Monday, April 25, 2011

Obama's EPA working to raise gasoline prices - Arctic Alaska

Obama is preventing Shell Oil from producing oil in the far-north Beaufort Sea area of Alaska. Shell has spent $ billions to be able to start production. There is about 27 billion barrels of oil.

But Obama's EPA is concerned about air quality for people who live in the area. The nearest village of 245 people is 70 miles away. 70 miles!!

Raising gasoline prices requires a lot of obstruction of productive people. But Obama has his people hard at work. It must be a high priority.

Fox News: Energy in America

Shell Oil Company has announced it must scrap efforts to drill for oil this summer in the Arctic Ocean off the northern coast of Alaska. The decision comes following a ruling by the EPA’s Environmental Appeals Board to withhold critical air permits....

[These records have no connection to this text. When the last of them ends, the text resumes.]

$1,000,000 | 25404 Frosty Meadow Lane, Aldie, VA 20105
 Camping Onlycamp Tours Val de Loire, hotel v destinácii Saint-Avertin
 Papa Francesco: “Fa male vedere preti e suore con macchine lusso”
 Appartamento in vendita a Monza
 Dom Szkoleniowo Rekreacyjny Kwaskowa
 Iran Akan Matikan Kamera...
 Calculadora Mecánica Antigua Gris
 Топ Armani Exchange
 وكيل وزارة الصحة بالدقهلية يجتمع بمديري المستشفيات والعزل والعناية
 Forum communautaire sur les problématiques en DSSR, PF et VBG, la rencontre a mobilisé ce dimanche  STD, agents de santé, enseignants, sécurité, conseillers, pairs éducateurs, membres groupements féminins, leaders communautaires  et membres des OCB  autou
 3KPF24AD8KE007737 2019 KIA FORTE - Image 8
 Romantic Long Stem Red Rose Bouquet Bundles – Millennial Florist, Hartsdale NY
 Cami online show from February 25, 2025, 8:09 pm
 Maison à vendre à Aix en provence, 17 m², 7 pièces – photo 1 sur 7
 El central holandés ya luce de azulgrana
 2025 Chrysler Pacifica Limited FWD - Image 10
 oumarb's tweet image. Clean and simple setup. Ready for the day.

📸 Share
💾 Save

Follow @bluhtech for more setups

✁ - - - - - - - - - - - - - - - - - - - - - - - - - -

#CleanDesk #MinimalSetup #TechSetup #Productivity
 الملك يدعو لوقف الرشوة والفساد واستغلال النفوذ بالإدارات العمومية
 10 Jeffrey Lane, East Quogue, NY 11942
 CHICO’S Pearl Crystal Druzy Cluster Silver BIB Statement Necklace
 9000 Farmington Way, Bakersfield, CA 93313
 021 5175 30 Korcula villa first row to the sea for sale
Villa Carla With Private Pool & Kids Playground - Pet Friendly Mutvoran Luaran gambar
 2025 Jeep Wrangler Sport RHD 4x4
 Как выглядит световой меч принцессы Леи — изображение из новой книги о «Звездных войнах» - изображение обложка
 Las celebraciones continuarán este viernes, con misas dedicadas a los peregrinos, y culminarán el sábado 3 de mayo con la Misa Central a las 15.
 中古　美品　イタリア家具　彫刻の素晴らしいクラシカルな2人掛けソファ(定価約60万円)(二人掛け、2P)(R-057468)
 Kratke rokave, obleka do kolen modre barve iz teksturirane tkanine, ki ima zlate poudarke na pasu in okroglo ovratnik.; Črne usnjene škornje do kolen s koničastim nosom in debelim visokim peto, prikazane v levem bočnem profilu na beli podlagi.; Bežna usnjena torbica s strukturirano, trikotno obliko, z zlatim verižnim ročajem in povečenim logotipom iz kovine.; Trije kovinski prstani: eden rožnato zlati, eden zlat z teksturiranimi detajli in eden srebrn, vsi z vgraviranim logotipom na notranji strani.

Shell has spent five years and nearly $4 billion dollars on plans to explore for oil in the Beaufort and Chukchi Seas. The leases alone cost $2.2 billion. Shell Vice President Pete Slaiby says obtaining similar air permits for a drilling operation in the Gulf of Mexico would take about 45 days. He’s especially frustrated over the appeal board’s suggestion that the Arctic drill would somehow be hazardous for the people who live in the area. “We think the issues were really not major,” Slaiby said, “and clearly not impactful for the communities we work in.”

The closest village to where Shell proposed to drill is Kaktovik, Alaska. It is one of the most remote places in the United States. According to the latest census, the population is 245 and nearly all of the residents are Alaska natives. The village, which is 1 square mile, sits right along the shores of the Beaufort Sea, 70 miles away from the proposed off-shore drill site.